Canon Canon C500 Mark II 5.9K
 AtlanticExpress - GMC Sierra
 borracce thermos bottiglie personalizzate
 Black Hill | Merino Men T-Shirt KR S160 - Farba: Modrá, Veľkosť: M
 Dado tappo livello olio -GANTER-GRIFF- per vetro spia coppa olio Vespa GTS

++++

Each line from the one containing "Black Hill |" to the end of the listing above should be copied exactly, and nothing else.

:: ANSWER SECTION ::
 Black Hill | Merino Men T-Shirt KR S160 - Farba: Modrá, Veľkosť: M
 Dado tappo livello olio -GANTER-GRIFF- per vetro spia coppa olio Vespa GTS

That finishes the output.